E é no Passeio Público que se materializa paisagística, arquitetônica e urbanisticamente, pela primeira vez no Brasil, esta maneira de entender o mundo. No traço racional e geométrico de Mestre Valentim, nas espécies vegetais ali introduzidas, nos elementos arquitetônicos utilizados - fontes, pirâmides etc. - no terraço à beira-mar, belvedere contemplativo. Em todos estes elementos pode-se identificar esta forma de ver o mundo e uma tentativa de trazer para o Rio de Janeiro uma nova maneira de se relacionar com a cidade. Pode-se identificar também na concepção original do Passeio Público uma iniciativa de ordenamento urbano, pois a lógica de seu traçado extrapolava os seus muros, quando se identifica que seu caminho principal se alinhava com a Rua das Marrecas, e que terminava no antigo Chafariz das Marrecas, já demolido. Assim, tínhamos um perfeito alinhamento entre a Fonte dos Amores, no interior do Passeio, e o Chafariz, no outro extremo, já fora dos limites do jardim.

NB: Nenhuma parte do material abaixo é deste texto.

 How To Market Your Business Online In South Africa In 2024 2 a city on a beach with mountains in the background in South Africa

Do que trata sua dissertação de mestrado "O Passeio Público do Rio de Janeiro: Análise Histórica através da Percepção do Espaço"?

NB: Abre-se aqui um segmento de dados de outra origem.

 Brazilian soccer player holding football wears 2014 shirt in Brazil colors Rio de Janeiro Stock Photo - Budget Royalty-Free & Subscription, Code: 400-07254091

A idéia inicial era elaborar uma dissertação ligada à História da Arquitetura. Paralelamente a isso, fui travando contato com outras questões relacionadas à análise e percepção do espaço construído, que devo muito à experiência adquirida junto ao Departamento de Análise e Representação da Forma, na FAU / UFRJ. Tais experiências foram extremamente importantes pois me deram subsídios para poder enxergar e entender a evolução histórica de um espaço como o Passeio Público sob outro prisma, que não a de um historiador que o analisa "do lado de fora".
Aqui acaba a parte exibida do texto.